Implement auto-approval edge function client
epic-travel-expense-registration-foundation-task-008 — Build the AutoApprovalEdgeFunctionClient Dart class that invokes the Supabase Edge Function responsible for evaluating whether a submitted expense claim meets the organisation's auto-approval criteria. Handle authentication headers, parse the approval/rejection response envelope, and expose a typed result object. Implement retry logic with exponential back-off for transient network failures.
Acceptance Criteria
Technical Requirements
Execution Context
Tier 1 - 540 tasks
Can start after Tier 0 completes
Implementation Notes
Use supabase_flutter's `supabase.functions.invoke('auto-approve-expense', body: {'claim_id': claimId})` — this automatically attaches the JWT and targets the correct project URL. Model the request as a simple JSON envelope: `{claim_id: String}` — keep the mobile client's contract minimal to reduce coupling to edge function internals. For exponential backoff, use a helper `RetryPolicy` class with configurable maxAttempts, baseDelayMs, and multiplier rather than hardcoding delays inline — this makes the policy testable and reusable for other edge function clients.

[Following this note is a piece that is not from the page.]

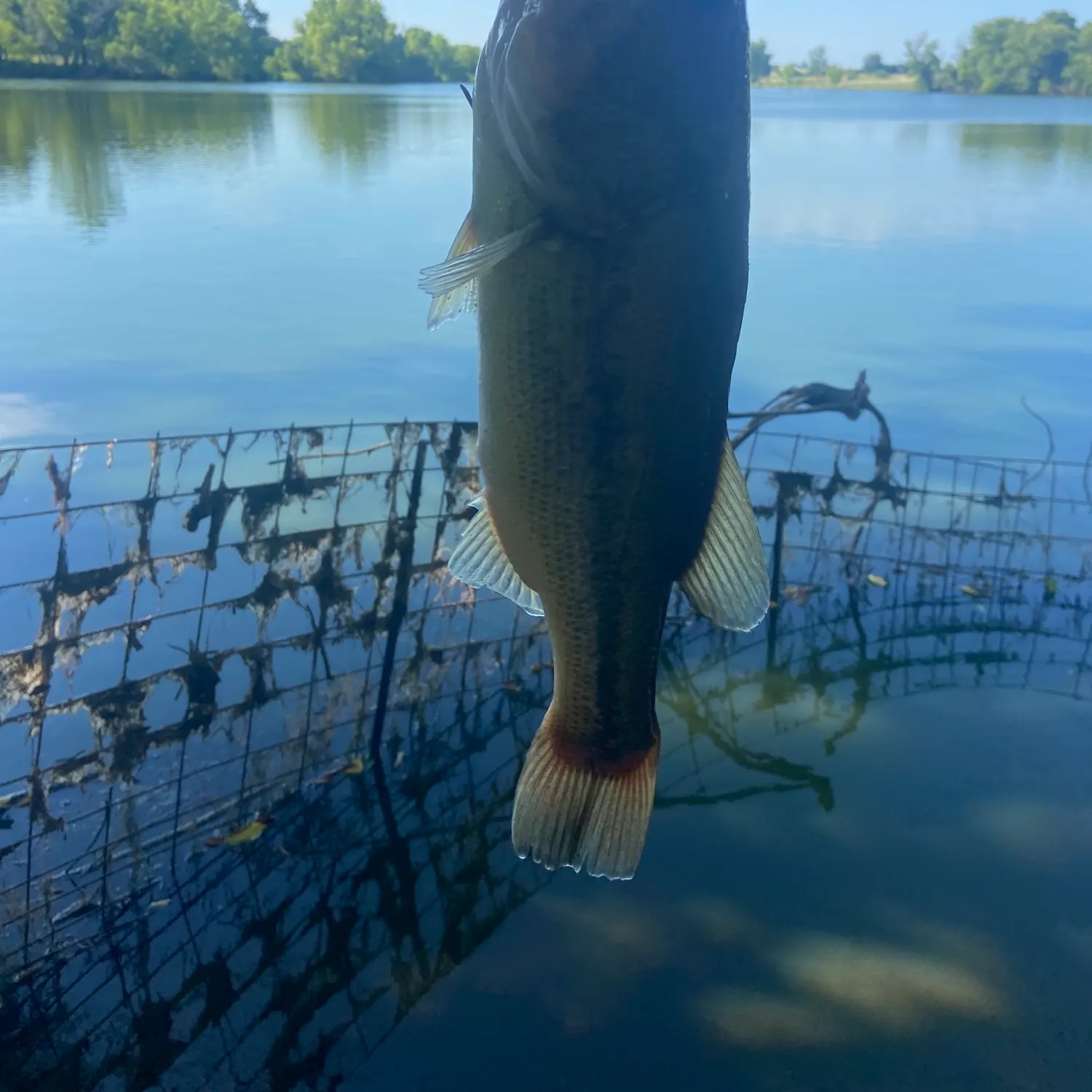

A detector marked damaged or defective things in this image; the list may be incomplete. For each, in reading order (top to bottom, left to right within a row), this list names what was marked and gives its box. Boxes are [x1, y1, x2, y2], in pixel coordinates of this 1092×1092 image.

rusty wire fence [0, 419, 1088, 1092]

Define the AutoApprovalResult sealed class using Dart 3 sealed classes (not package:freezed) to keep the dependency count low.
The edge function response envelope should follow the convention: `{status: 'auto_approved' | 'manual_review' | 'rejected', approved_at?: ISO8601, reason?: string}` — agree this contract with the backend developer implementing the edge function. Document the expected response schema in a shared `contracts/` folder in the repo.
Testing Requirements
Unit tests (flutter_test + mocktail): mock the Supabase functions client, test AutoApproved response parsing, test RequiresManualReview response parsing, test HTTP 500 retry sequence (verify exactly 3 retries with correct delays using a fake async clock), test HTTP 400 no-retry behaviour, test timeout after 30 seconds, test cancellation mid-retry. Contract test: define the expected edge function request/response JSON schema and validate the client against it — this protects against edge function API changes breaking the mobile client silently. Integration test (optional, against local Supabase with deno serve): submit a real claim that meets auto-approval criteria and verify AutoApproved result is returned. Minimum 85% line coverage on client class.

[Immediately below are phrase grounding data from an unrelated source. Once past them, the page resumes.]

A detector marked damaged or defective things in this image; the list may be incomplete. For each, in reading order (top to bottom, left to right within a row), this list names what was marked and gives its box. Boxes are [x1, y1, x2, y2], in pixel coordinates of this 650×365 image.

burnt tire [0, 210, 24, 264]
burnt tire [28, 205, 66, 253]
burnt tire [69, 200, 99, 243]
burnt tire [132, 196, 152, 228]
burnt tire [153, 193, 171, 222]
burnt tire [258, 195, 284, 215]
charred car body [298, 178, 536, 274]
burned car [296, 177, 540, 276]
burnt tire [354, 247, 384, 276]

Row-level security policies for expense claims must correctly scope data to organisation, role (peer mentor sees own claims only, coordinator sees org-wide queue), and claim status. Incorrect RLS can expose claims cross-organisation or prevent coordinators from accessing the attestation queue.
Mitigation & Contingency
Mitigation: Define RLS policies in code-reviewed migration files. Write integration tests that attempt cross-org reads with different JWT roles and assert access denial. Review with a second engineer before merging migrations.
Contingency: If RLS is misconfigured post-deployment, disable the affected policy temporarily and apply a hotfix migration within the same release window. No claim data is exposed publicly due to Supabase project-level auth requirement.

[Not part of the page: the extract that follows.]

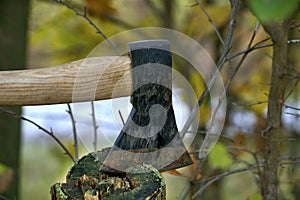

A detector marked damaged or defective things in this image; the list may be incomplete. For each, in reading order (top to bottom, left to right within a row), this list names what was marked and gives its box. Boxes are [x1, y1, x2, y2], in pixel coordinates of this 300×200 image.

rust on axe head [101, 39, 193, 173]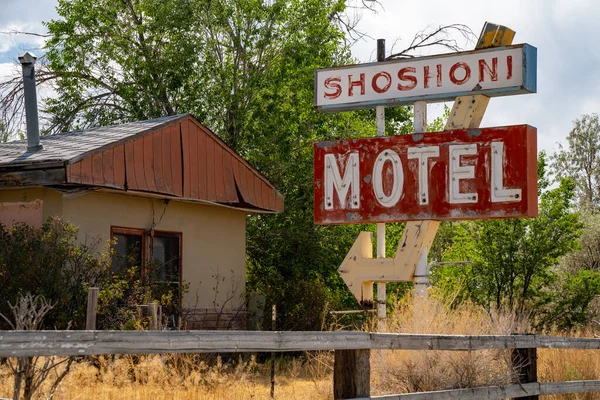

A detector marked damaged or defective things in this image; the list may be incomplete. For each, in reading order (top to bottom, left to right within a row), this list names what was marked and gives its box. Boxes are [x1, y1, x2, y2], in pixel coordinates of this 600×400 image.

rusty metal roof [0, 114, 284, 214]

The auto-approval Edge Function is triggered server-side on expense insert. Cold-start latency or Edge Function failures can block the submission response and degrade UX, especially on mobile networks.
Mitigation & Contingency
Mitigation: Implement the auto-approval Edge Function client with a timeout and graceful fallback: if no result is received within 5 seconds, treat the claim as 'pending' and poll for the status update via Supabase Realtime. Keep the Edge Function warm with a periodic ping.
Contingency: If Edge Function reliability is unacceptable, move auto-approval evaluation to a database trigger or Postgres function as an interim measure, accepting that threshold configuration changes require a migration rather than a settings update.
The expense type catalogue and threshold configuration are cached locally for offline use. If an organisation updates their catalogue exclusion rules or thresholds while a peer mentor is offline, the local cache may allow submissions that violate the new policy.
Mitigation & Contingency
Mitigation: Cache entries include a TTL (24 hours). On connectivity restore, refresh cache before allowing new submissions. Server-side validation in the Edge Function and save functions provides a second enforcement layer.
Contingency: If a stale-cache submission passes client validation but fails server validation, surface a clear error message explaining that the expense type rules have been updated and prompt the user to review their selection with the refreshed catalogue.